Так я узнала о еще одном фокусе Валентина Стенича, и не просто фокусе, а фокус-покусе. Добродушное, кажется мне, доверие Николая Чуковского я оплачу тут этимологией этого двойного термина, который в оригинале, то есть в первом искажении — Хокус-покус, — не что иное, как исковерканное HOC EST CORPUS MEUM — «Сие есть тело мое», из католической литургии. Для меня же сие есть истинная суть Валентина Стенича, а не мальчишеская мюнхгаузенщина его, как я думала в молодости.

Мифомания, служащая собственному возвеличению, отвратительна, а хвастаться тем, что ты «надул», «разыграл» своего Бога, мерзостно.

У мертвого любимого поэта с низким поклоном прощения прошу, что нечаянно оказалась виновницей игры с ним — больным, измученным, усталым, замерзшим, но, несмотря на все, подарившим нам незабываемый вечер.

«Даже боги бывают несправедливы», — говорила я себе годами после прочтения очерка «Русские дэнди», но только теперь со старческим всепрощением поняла, как трудно было Блоку в те годы — с его предчувствиями, его настороженностью, его умением различать даже подземные гулы, его болью за Россию. Веселым и легким, судя по изустным свидетельствам, он к этому времени уже давно не был. Веселых и легких у нас вообще было мало, а уж в те годы…

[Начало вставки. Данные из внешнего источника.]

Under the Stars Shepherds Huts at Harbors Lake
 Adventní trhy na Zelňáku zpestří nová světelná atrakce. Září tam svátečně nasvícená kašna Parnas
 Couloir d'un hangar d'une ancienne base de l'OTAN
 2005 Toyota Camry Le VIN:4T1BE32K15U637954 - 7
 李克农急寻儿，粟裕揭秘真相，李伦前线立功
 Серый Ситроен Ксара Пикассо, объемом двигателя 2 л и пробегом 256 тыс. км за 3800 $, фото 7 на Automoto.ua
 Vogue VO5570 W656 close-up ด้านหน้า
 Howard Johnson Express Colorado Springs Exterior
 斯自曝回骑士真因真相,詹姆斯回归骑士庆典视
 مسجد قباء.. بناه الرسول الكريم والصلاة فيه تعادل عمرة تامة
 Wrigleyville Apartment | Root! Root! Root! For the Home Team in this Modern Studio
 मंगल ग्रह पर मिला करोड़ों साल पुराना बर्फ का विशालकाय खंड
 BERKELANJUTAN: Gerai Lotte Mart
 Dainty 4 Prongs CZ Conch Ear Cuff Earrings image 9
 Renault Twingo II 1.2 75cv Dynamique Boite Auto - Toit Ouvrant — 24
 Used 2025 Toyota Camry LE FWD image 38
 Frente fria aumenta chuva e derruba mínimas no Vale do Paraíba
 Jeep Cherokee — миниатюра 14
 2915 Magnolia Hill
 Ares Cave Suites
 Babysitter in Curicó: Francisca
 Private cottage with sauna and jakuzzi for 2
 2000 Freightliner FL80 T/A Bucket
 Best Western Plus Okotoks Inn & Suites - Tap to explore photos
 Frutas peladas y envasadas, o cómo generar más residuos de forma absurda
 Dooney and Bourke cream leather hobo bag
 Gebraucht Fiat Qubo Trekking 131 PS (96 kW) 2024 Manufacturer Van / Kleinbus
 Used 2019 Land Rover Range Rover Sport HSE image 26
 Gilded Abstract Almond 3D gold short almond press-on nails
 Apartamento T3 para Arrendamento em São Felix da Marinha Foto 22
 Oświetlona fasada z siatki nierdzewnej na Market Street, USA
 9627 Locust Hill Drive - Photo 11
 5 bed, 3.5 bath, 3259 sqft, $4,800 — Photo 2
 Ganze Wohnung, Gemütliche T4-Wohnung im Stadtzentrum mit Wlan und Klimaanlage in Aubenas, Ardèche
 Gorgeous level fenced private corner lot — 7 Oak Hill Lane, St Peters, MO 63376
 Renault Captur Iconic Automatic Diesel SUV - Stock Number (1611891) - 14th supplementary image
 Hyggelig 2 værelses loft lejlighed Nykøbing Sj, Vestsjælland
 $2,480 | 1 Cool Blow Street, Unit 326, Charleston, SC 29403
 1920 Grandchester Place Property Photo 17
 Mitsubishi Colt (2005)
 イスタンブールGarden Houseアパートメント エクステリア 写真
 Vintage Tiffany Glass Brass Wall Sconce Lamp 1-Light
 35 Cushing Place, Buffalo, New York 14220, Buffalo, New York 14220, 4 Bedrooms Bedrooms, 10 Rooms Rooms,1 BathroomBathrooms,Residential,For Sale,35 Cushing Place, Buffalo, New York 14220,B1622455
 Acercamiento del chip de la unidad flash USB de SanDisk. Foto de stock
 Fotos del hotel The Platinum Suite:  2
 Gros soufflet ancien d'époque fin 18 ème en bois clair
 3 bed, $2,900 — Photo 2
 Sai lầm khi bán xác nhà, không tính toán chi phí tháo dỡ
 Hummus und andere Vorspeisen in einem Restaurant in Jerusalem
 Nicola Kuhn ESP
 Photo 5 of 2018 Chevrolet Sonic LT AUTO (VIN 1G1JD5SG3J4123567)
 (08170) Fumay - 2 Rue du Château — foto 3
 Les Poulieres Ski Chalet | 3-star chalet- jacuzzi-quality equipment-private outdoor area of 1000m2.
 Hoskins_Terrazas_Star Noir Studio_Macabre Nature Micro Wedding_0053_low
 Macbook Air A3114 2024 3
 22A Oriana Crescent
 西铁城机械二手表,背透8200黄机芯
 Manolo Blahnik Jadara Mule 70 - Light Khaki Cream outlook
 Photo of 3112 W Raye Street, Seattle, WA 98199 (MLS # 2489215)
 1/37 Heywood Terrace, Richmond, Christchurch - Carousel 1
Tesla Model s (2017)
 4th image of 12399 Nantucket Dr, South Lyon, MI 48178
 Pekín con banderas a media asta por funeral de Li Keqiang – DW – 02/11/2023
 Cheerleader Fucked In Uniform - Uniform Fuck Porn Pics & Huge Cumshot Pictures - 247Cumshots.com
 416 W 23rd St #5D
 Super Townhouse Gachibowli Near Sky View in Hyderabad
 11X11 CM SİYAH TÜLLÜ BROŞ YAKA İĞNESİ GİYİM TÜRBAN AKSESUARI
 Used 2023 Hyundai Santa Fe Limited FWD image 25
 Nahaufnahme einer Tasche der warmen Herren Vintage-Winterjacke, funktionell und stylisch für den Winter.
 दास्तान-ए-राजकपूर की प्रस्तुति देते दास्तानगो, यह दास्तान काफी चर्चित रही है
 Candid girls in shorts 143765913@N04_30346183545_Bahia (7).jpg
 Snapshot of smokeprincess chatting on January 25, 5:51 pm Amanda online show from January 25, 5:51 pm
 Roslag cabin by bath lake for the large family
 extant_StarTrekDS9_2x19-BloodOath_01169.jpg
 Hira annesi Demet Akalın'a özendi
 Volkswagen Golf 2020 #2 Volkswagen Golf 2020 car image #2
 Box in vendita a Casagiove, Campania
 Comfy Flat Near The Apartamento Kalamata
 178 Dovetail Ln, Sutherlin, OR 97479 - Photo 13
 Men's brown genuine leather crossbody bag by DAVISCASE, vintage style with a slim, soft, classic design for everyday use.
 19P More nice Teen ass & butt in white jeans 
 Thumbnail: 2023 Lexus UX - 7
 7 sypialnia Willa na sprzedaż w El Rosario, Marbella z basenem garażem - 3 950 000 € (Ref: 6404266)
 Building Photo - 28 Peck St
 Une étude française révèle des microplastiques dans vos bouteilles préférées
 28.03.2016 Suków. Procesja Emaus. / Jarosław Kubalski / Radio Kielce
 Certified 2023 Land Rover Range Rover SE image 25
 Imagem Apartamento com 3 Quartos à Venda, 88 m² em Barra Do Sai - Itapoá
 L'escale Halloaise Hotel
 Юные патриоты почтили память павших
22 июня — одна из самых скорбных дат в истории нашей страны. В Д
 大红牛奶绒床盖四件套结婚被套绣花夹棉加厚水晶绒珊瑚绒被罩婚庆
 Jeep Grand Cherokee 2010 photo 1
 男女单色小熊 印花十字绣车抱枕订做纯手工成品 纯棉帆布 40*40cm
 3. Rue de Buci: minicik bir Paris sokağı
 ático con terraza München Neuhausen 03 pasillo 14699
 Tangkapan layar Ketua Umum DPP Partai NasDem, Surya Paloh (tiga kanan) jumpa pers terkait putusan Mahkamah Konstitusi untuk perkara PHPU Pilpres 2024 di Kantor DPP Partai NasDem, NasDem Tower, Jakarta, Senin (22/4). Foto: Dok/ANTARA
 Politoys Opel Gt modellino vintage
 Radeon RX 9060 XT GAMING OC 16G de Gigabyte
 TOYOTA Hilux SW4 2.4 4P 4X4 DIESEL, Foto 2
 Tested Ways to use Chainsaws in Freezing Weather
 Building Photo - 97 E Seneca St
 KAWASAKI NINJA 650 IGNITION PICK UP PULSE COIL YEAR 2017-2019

Гумилев был веселый (да и то теперь некоторые мемуаристы показывают его строгим, холодным, высокомерно-важным [130]), не болел родиной, не слышал ее стонов и даже в джунглях революционных улиц слышал, кажется, зовы далеких экзотических стран [131]. В моем тогдашнем представлении это был молодой романтический турист, вернувшийся в Россию, не расставшись с Африкой, где цветы похожи на попугаев, а попугаи — на перелетные цветы, где бугенвиллии растут как у нас чертополох… Мандельштам бывал иногда смешливым, а порой и незлобивым насмешником, и смешливость его казалась то блаженной, то иронической, и даже иногда чуть обидной, чего он не замечал — не по неделикатности, а потому что не смотрел, не видел: на миру — не от мира сего, а в творчестве — строгий, сосредоточенный, неуклонный… Федин был веселый, когда был еще Фединым, а не государственным мужем… Баршев был остроумен, любил общество, смех, шутки. Многие могли бы подтвердить это, если б не все разом, как по договору, забыли, что он существовал, так что даже твердят иногда, что и не было никогда такого писателя. О бесследном исчезновении Баршева [132] я не устану напоминать с одинаковой горечью и обидой на всех нас, забывчивых…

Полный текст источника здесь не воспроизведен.